--- Dataset excerpts ---
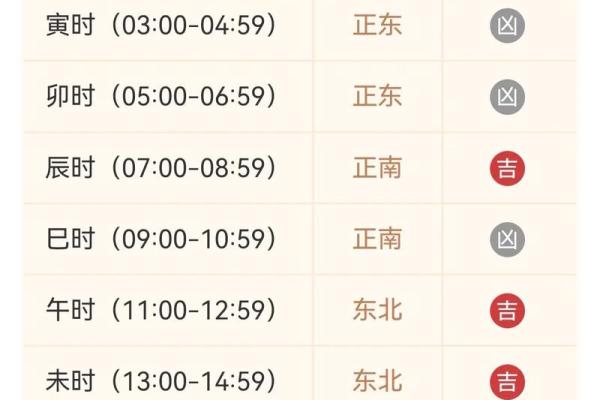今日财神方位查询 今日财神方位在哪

...

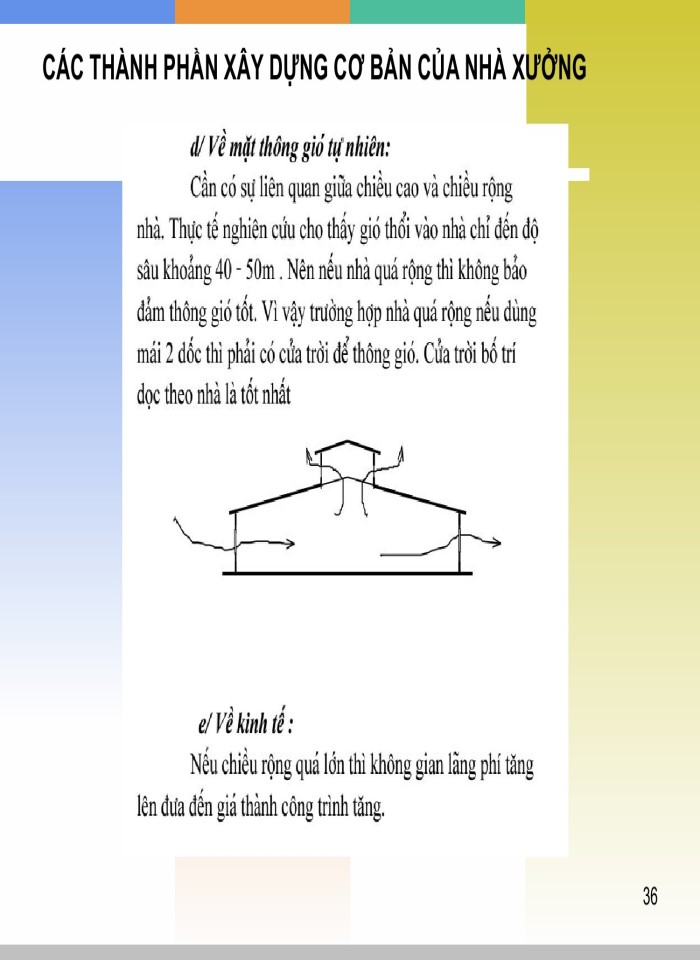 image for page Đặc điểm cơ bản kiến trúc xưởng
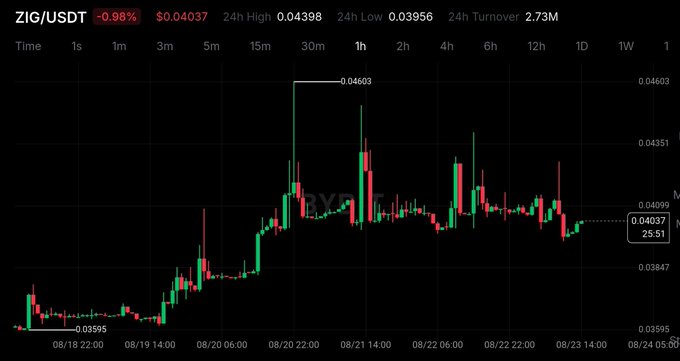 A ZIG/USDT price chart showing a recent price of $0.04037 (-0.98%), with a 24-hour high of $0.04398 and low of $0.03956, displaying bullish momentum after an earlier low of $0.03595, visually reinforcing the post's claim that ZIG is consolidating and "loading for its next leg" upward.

--- What you have to do ---
The material above holds pictures; leave them out and set down exactly the lines from the line with "image for page" to the line with "A ZIG/USDT price", both included.

--- Result below ---
 image for page Đặc điểm cơ bản kiến trúc xưởng
 A ZIG/USDT price chart showing a recent price of $0.04037 (-0.98%), with a 24-hour high of $0.04398 and low of $0.03956, displaying bullish momentum after an earlier low of $0.03595, visually reinforcing the post's claim that ZIG is consolidating and "loading for its next leg" upward.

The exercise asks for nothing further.